Dans cette lettre du 13 février 1915, Jules Mortreux écrit à son frère Léon, qu’il est fatigué, que les troupes sont éreintées. Jules affronte les allemands dans l’Argonne où les combats sont très violents.
La 7è Compagnie du 76è Régiment d’Infanterie multiplie les attaques pour reprendre la butte de Vauquois à l’armée allemande. Depuis le début de la guerre, ce village de l’Argonne passe d’un camp à l’autre. Enlevé par les allemands le 3 septembre 1914, il est repris le 15 septembre par les français. Fin septembre, l’armée allemande chasse l’armée française et occupe à nouveau les hauteurs de Vauquois.

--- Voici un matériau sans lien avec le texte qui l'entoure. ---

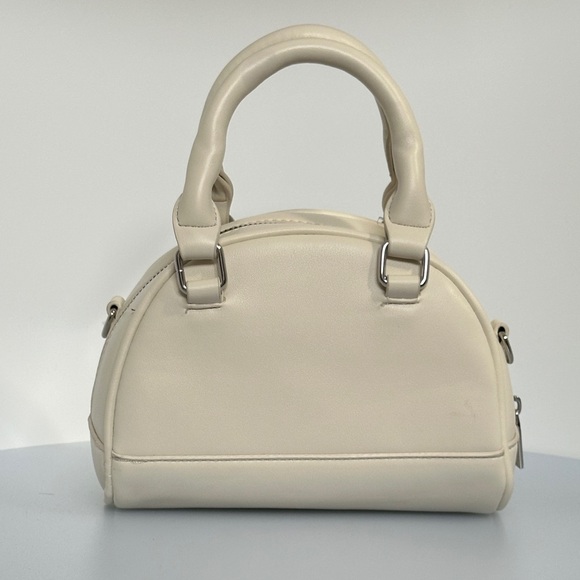 Studio F Cream crossbody Bag - Picture 5 of 11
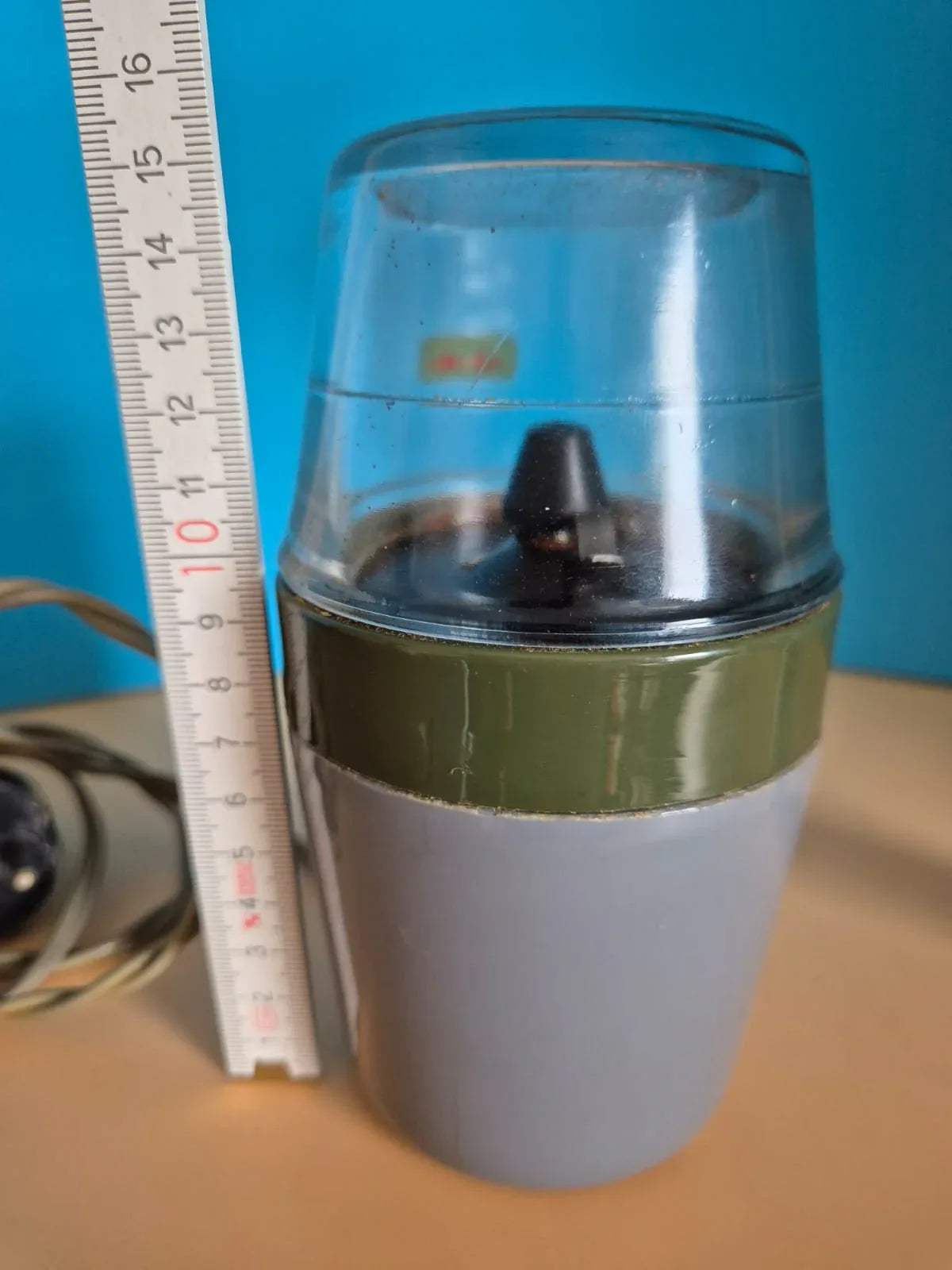 Elektrische Kaffeemühle „Pirouette“ Typ P3 – DDR, VEB Oberlind, 120 W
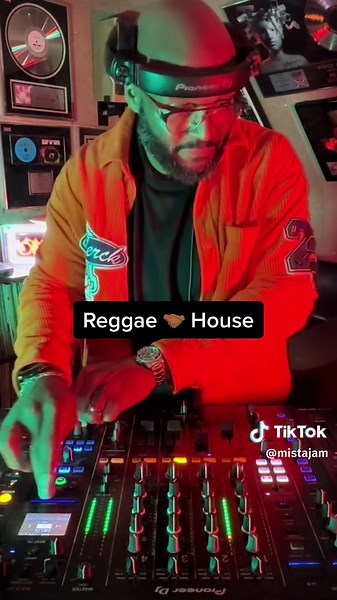 A British Reggae classic flipped into a House banger? Yes please! My #JamsHouse Volume 2 DJ set mix filled full of IDs is coming soon 👀 #DJSet #Reggae #HouseMusic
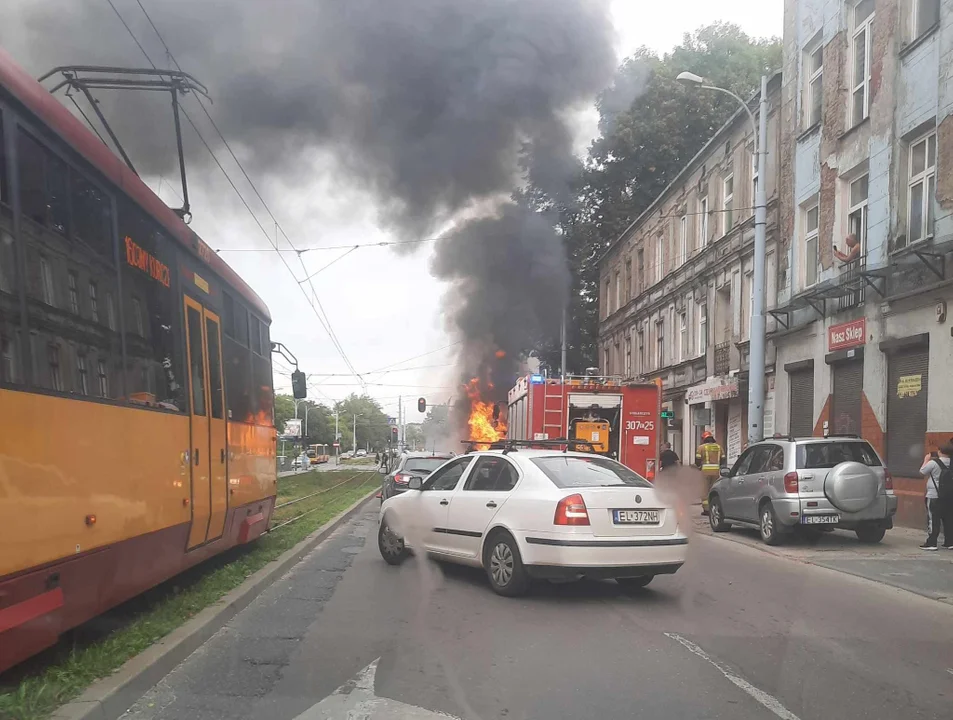 Pożar samochodu marki Renault na Górniaku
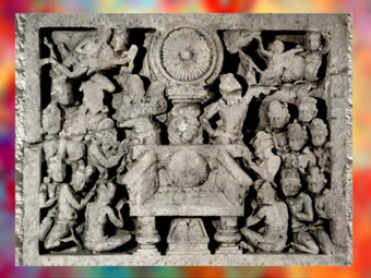 D'après des adorateurs devant La Roue et le Trône Vide (symboles de Buddha), école d'Amaravatî, dynastie Sâtavâhana, Andhra Pradesh, Inde du Sud. (Marsailly/Blogostelle)
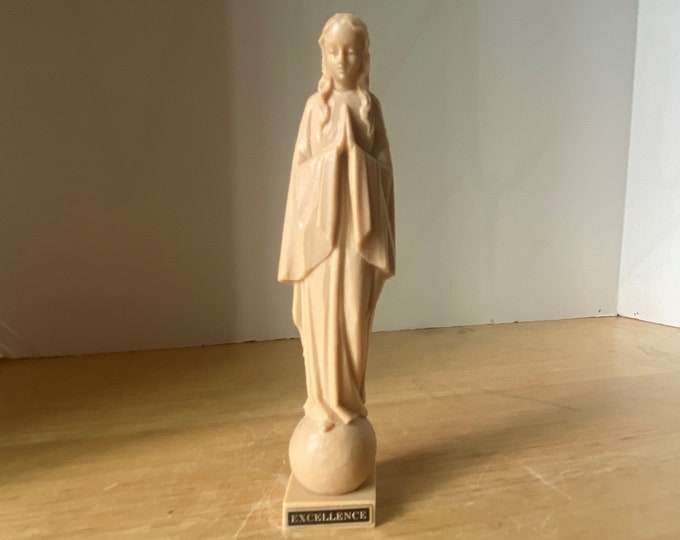 Vintage Dashboard saint pocket statue tan plastic figurine of  Madonna, Blessed Mother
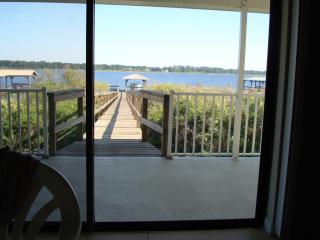 1721 Lake Villa Dr, Tavares, FL 32778-5743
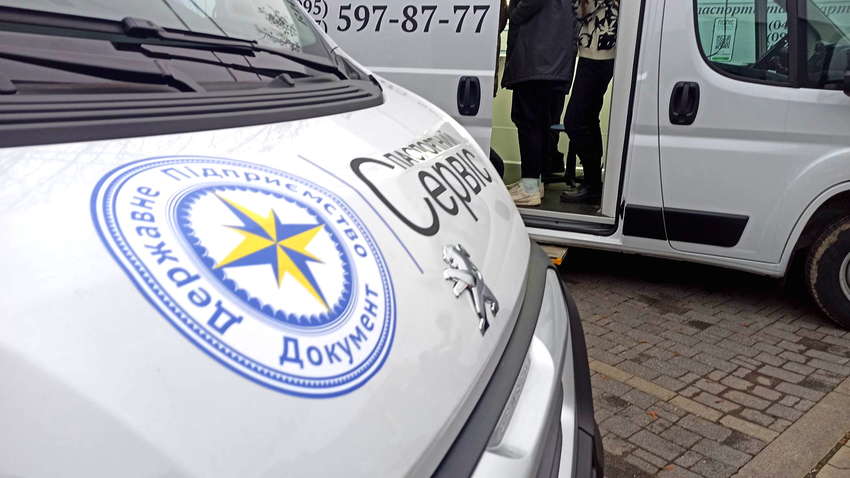 Нова послуга для біженців: «паспортний стіл» у Польщі та Туреччині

Le secteur est stratégique. L’armée qui tient la butte de Vauquois surplombe la vallée du haut de ses 300 mètres, et la voie ferrée qui relie Paris à la place forte de Verdun.
Jules annonce qu’il part demain pour la 1ère ligne et que « cela va barder cinq minutes » … la bataille de Vauquois va durer des années.
Lettre de Jules Mortreux à Léon Mortreux, envoyée le 13 février 1915
« espérons en une bonne étoile, et à bientôt j’espère le plaisir de te raconter quelque chose de sensationnel. » Ce 13 février 1915, Jules ne sait pas encore que son jeune frère Pierre a été tué. Léon a appris la terrible nouvelle il y a deux jours.
nous allons de suite débuter par un mouvement offensif sur Vauquois et Montfaucon, ces essais ont déjà failli 2 fois, espérons que la 3ème aura succès
Correspondance de guerre, il y a cent ans …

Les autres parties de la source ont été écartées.